Raw data:
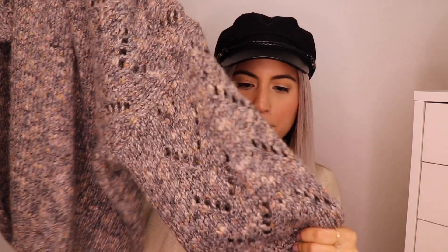Moving on to sweaters — you definitely need a good chunky knit sweater for fall. This is perfect. If you wore these two together, this midi skirt with the sweater tucked in is absolutely gorgeous. You definitely need to pick something like this up. It has the fall colors throughout it, super cute, and it's going to keep you warm so you might not even need a jacket.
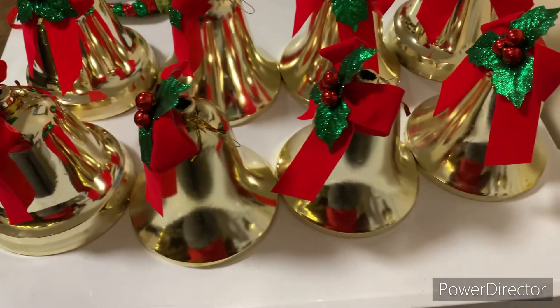Oh my god, y'all — I forgot to record as I was decorating. I have the worst old lady brain! So the full decorating process will be in the next vlog — sorry, y'all. But I did get my bells together and I finished decorating my tree, so here's that.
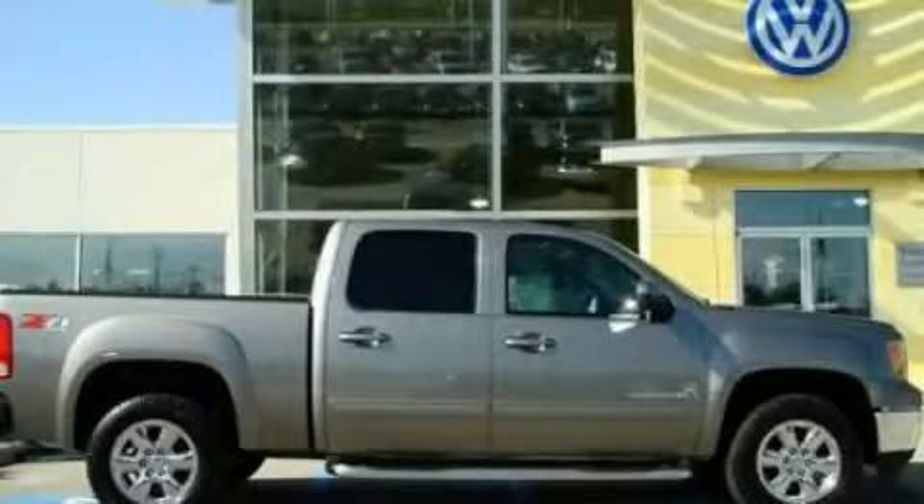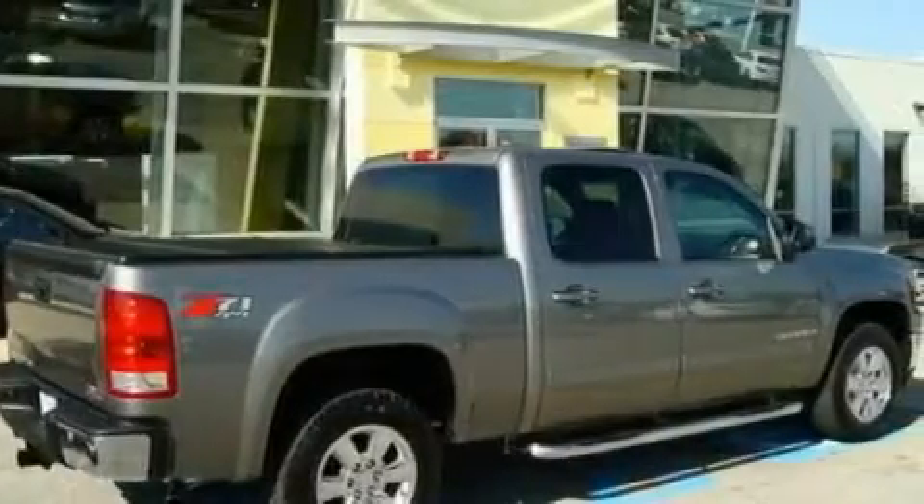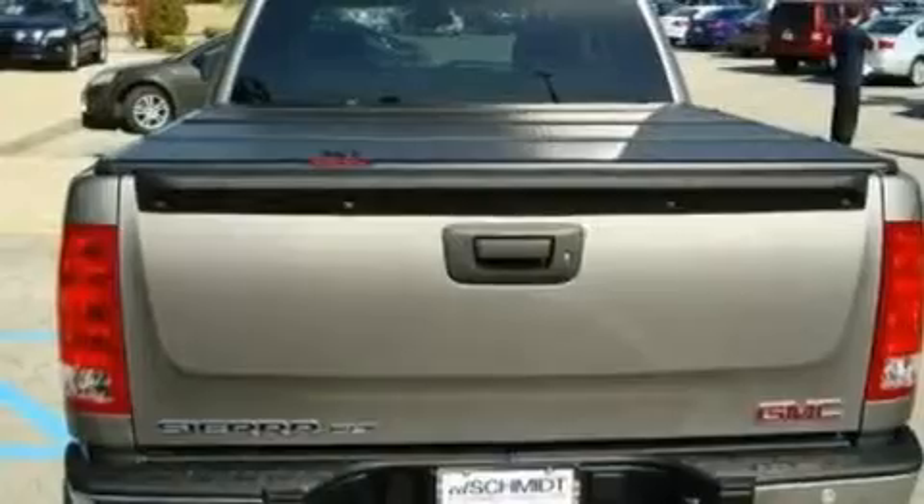This is a 2009 GMC Sierra 1500. Whether hauling, commuting, or towing, this truck is the right one for you. It has a 5.3 liter 8-cylinder engine and an automatic transmission.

Work to complete: Transcribe, without alteration, each line from the one with "Oh my god, y'all" through the last line of the data; no pictures belong in the copy.

Exercise answer:
Oh my god, y'all — I forgot to record as I was decorating. I have the worst old lady brain! So the full decorating process will be in the next vlog — sorry, y'all. But I did get my bells together and I finished decorating my tree, so here's that.
This is a 2009 GMC Sierra 1500. Whether hauling, commuting, or towing, this truck is the right one for you. It has a 5.3 liter 8-cylinder engine and an automatic transmission.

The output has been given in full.